E ratings: Championship 2014/15

Following on from my earlier post introducing the new “E ratings” I’ve been experimenting with, I thought it would be helpful to illustrate their use by reviewing each division from last season.

E ratings are my newest creation, combining the concept of an “expected goals” measure of shot quality with an Elo-style rating system, to track the attacking and defensive performances of clubs over time. While you can read about them at the link above, I’ve used last season’s data here to give a “real life” example of how they can be used.

Below is a graphic showing how the E ratings for each Championship club changed over the 2014/15 season, with the clubs in descending order of their net rating (effectively “expected goal difference per game”) at the end of the season:
CH sparklines 2014-15

The first column of “sparklines” shows how each team’s attack rating – i.e. expected goals scored per match – changed over the season and their final rating (ranked in brackets). The grey horizontal line is the long-term average of around 1.3 goals, so strong attacks will be comfortably above it.

The second column shows the defence rating – which has the same long-term average obviously – where now lower is better.

The third column just subtracts the defence rating from the attacking one to get a net “expected goal difference per game”. The average line here is set at zero.

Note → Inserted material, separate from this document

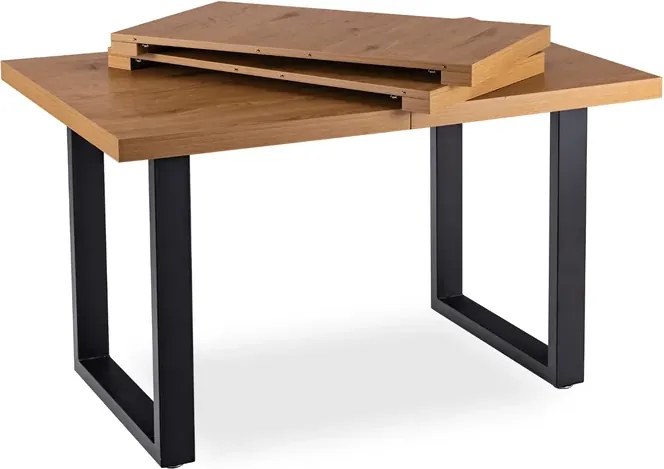 Stół Prostokątny Rozkładany TOMAS 130-230 cm Dąb Złoty/Czarny do Jadalni Nowoczesny Loft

As you’d probably expect, there’s a reasonable amount of similarity between the order of the teams here and their final league placing. Differences will be primarily driven by abnormal (for better or worse) shot conversion and/or save percentages, which aren’t currently accounted for in these ratings.

Some observations:

  • Both Bournemouth and Norwich appear to have deserved their promotions, comfortably out-creating their opponents by over half an expected goal per match.
  • Charlton and Leeds survived despite striking the ball from far less dangerous positions than their opponents, suggesting that both could struggle in 2015/16 without significant improvement.
  • It looks like Wigan‘s deteriorating attack was primarily to blame for their relegation: their defensive performances were consistently above average, but their attack rating dropped from one of the best to one of the worst over a single campaign.
  • Whatever Fulham changed after the first few months of the season blew a big hole in their defence, which was relatively average to begin with before starting to haemorrhage goals.

I’m aware that that graphic is a bit bust, so here are the final attack and defence ratings mapped against each other in good old scatter plot format:CH ER 2014-15We can’t see the trend here – only an end-of-season snapshot – but it does help us to see the overall spread:

  • The superiority of Bournemouth and Norwich is clearly visible, as are the worrying performances of Charlton and Leeds.
  • Despite Gary Rowett’s successful rescue of Birmingham, their expected goals ratings hardly budged, which is pretty interesting. Certainly at the back they continued to allow plenty of chances but were adept at soaking these up – the question is whether they can continue to do so.

Note: There’s been a slight change to the positioning of the axes, which are now centred on the median for each measure rather than the mean. This was suggested by Chris Anderson and does a far neater job of separating the teams into quadrants.